ACTIVITY: Would you print exactly the lines that begin the listing and continue through the line holding "SWICKY RICOOI Vacuum"? No pictures, please.

PROVIDED MATERIAL:

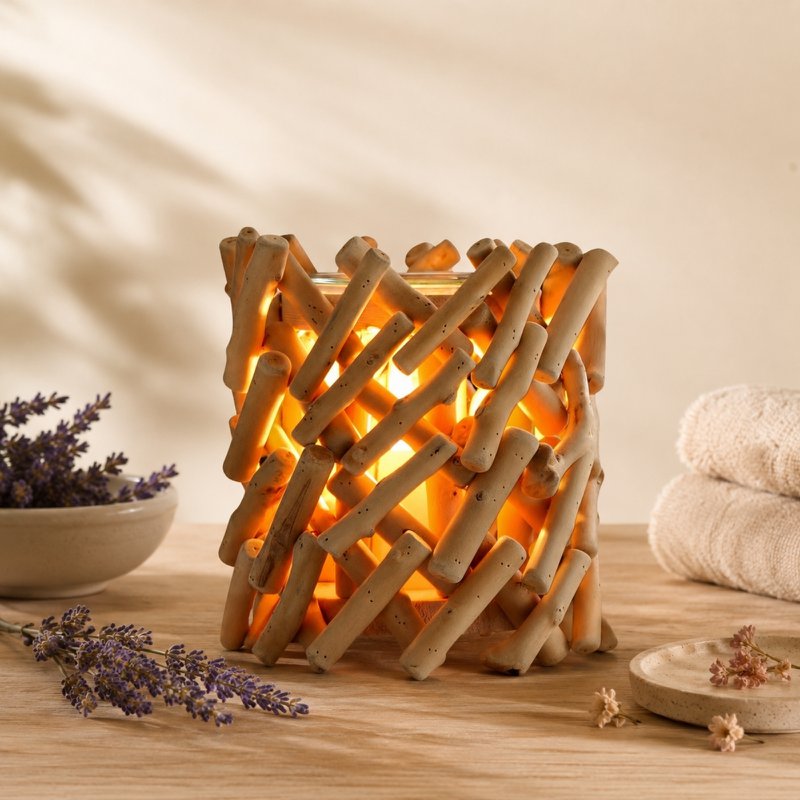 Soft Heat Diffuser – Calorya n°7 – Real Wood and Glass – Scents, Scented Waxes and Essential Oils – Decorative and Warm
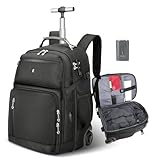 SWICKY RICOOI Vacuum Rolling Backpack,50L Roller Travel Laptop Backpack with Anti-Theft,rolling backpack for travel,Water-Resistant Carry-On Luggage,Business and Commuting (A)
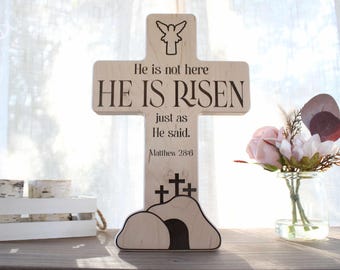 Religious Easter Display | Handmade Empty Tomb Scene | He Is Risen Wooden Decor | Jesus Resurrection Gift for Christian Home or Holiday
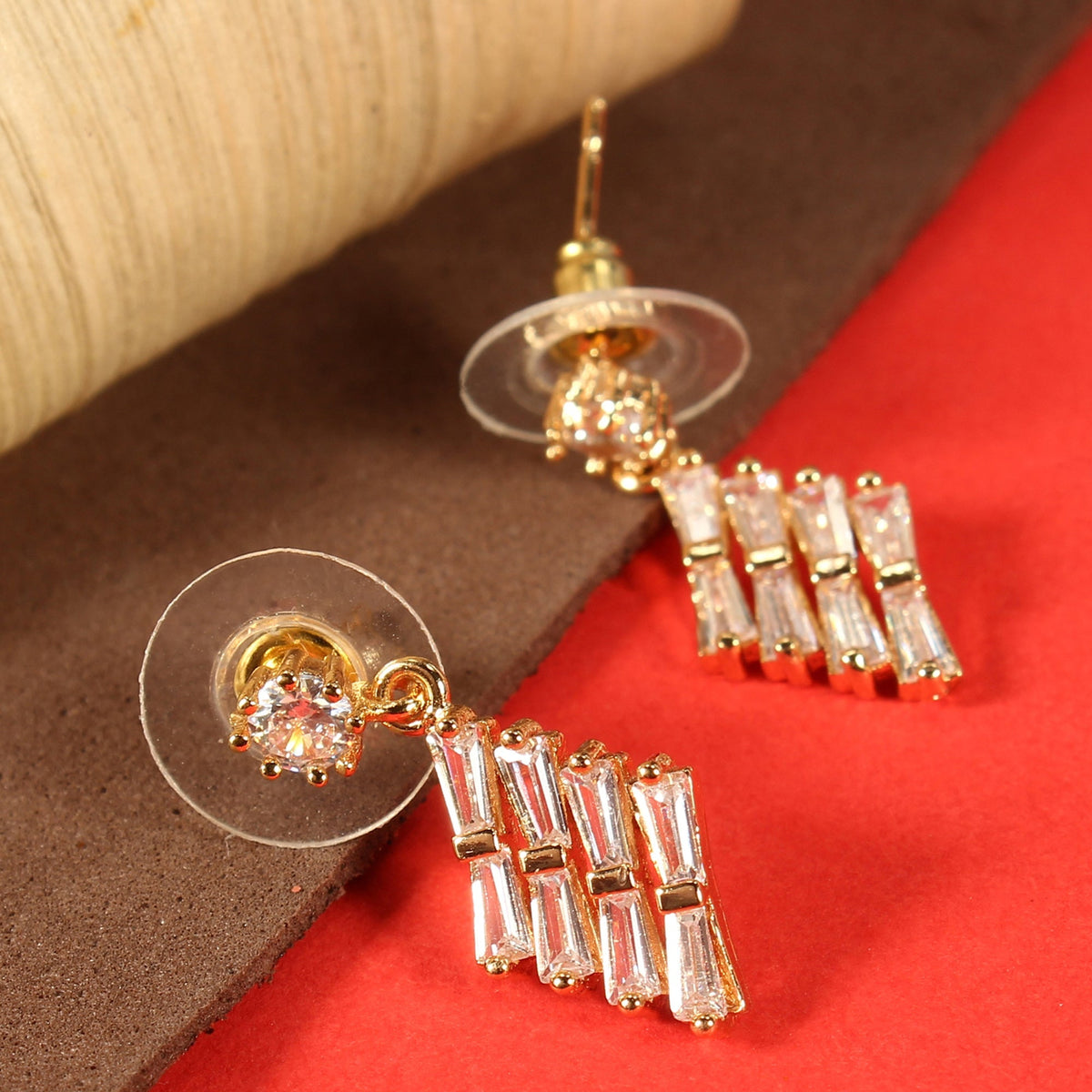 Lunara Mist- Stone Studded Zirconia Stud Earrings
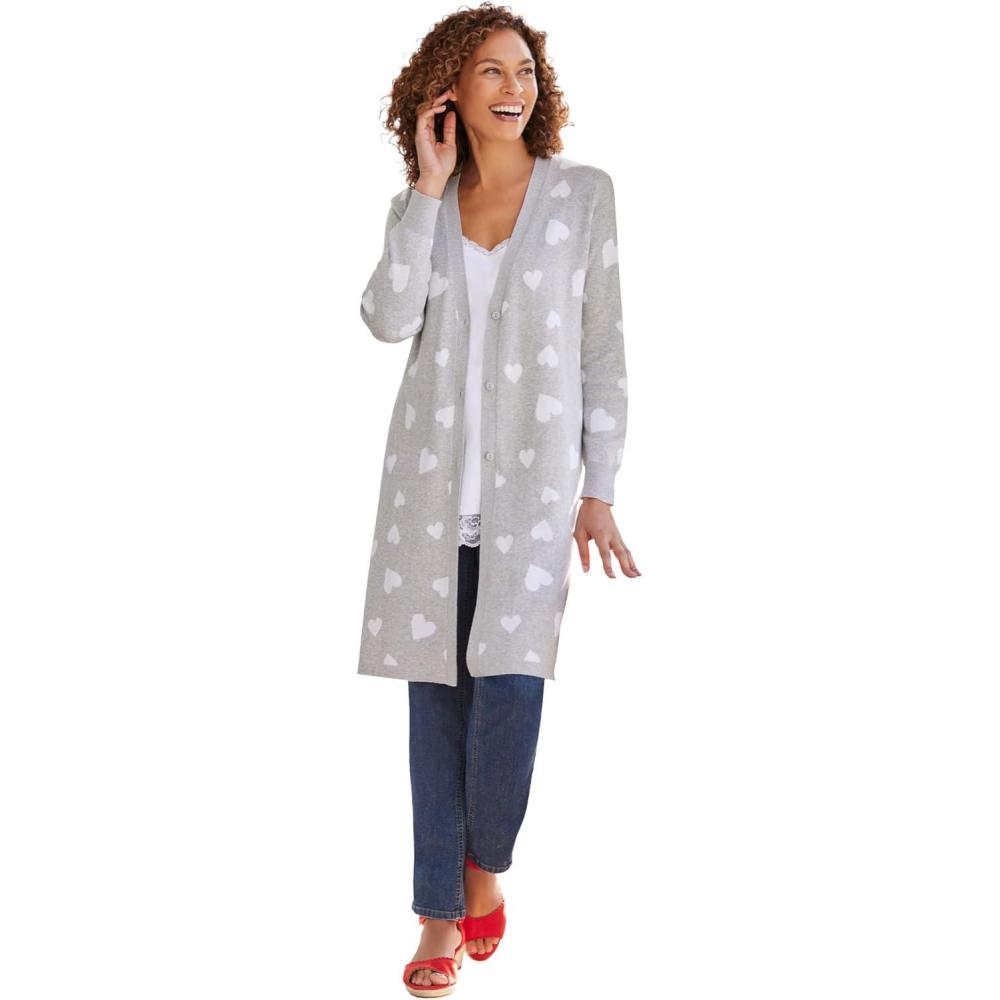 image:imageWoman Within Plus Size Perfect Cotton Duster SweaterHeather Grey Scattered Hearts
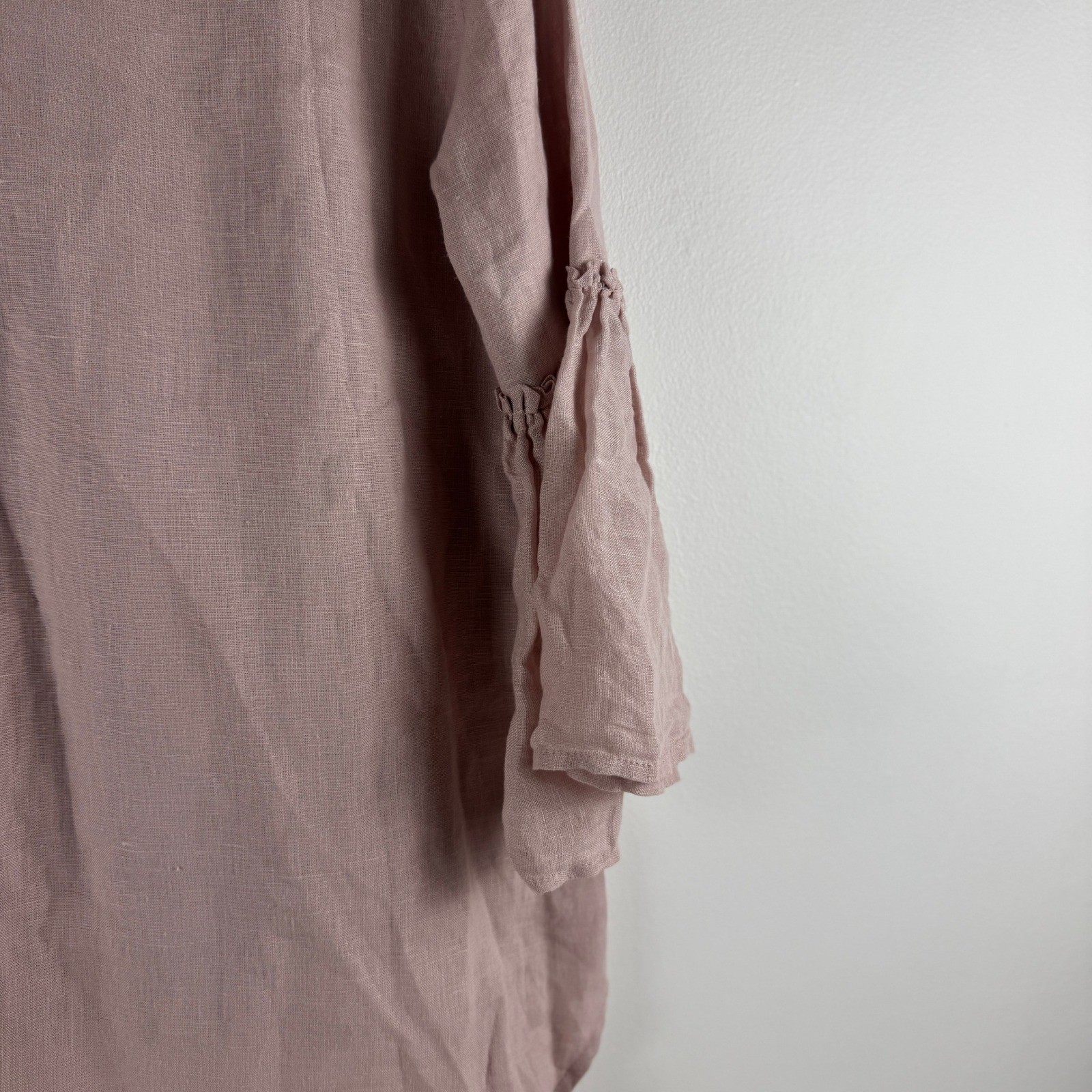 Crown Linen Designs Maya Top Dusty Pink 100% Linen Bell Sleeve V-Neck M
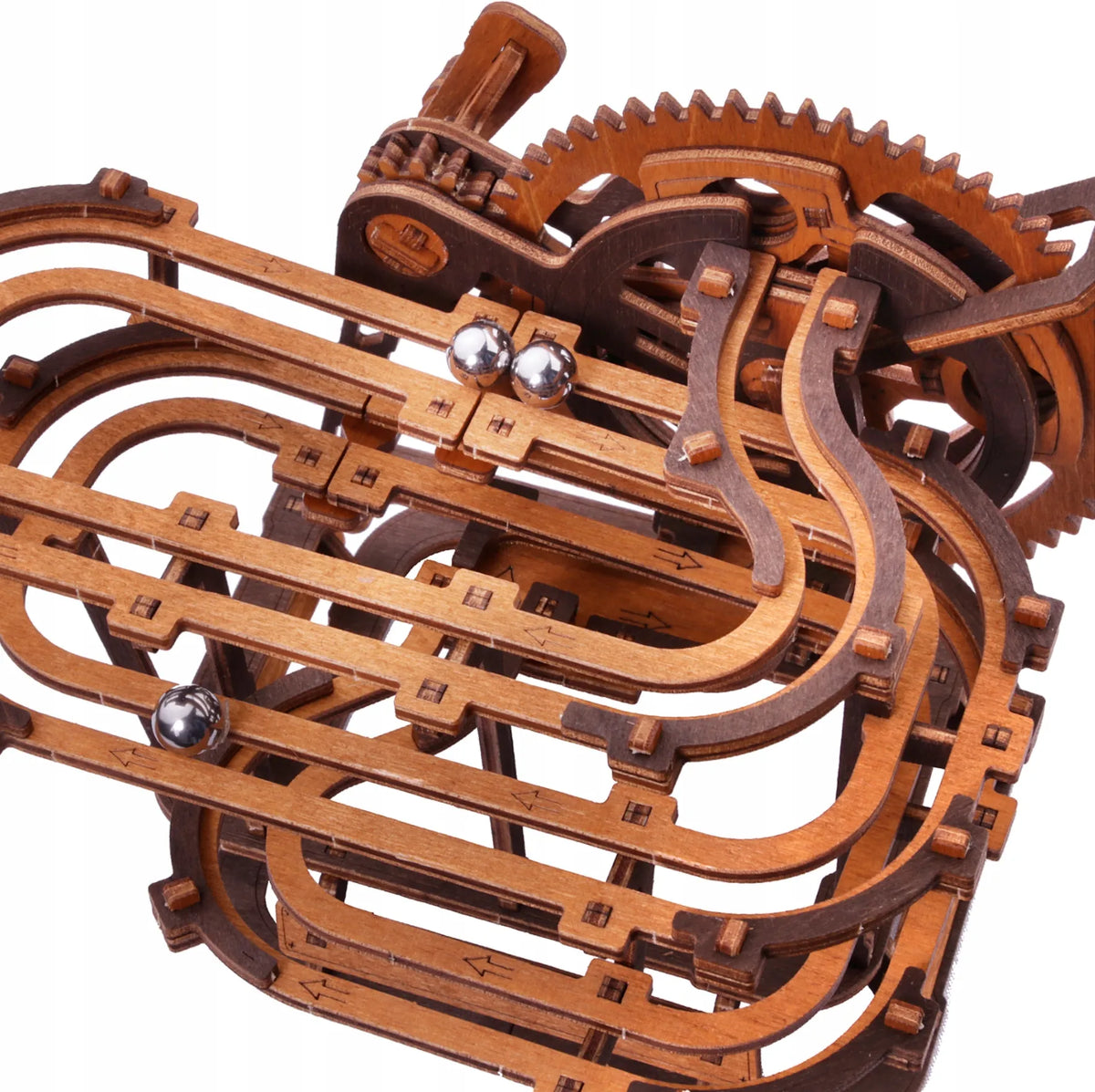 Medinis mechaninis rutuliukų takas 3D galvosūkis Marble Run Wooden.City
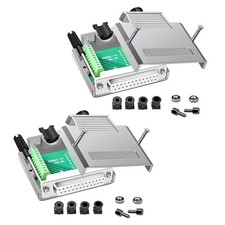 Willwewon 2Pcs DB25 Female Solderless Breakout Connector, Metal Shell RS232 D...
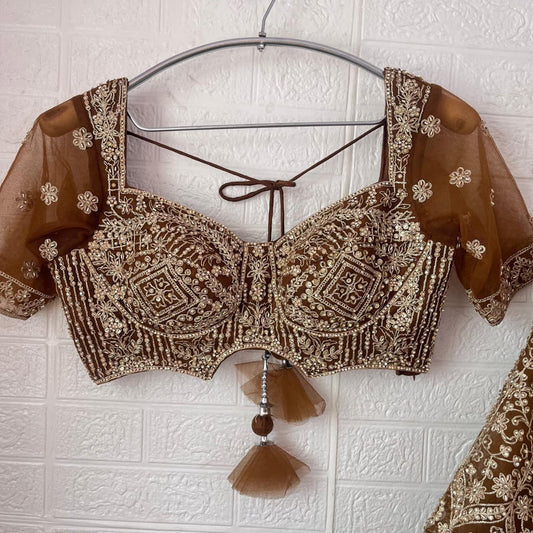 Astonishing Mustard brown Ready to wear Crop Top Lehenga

ANSWER TO THIS PROBLEM:
 Soft Heat Diffuser – Calorya n°7 – Real Wood and Glass – Scents, Scented Waxes and Essential Oils – Decorative and Warm
 SWICKY RICOOI Vacuum Rolling Backpack,50L Roller Travel Laptop Backpack with Anti-Theft,rolling backpack for travel,Water-Resistant Carry-On Luggage,Business and Commuting (A)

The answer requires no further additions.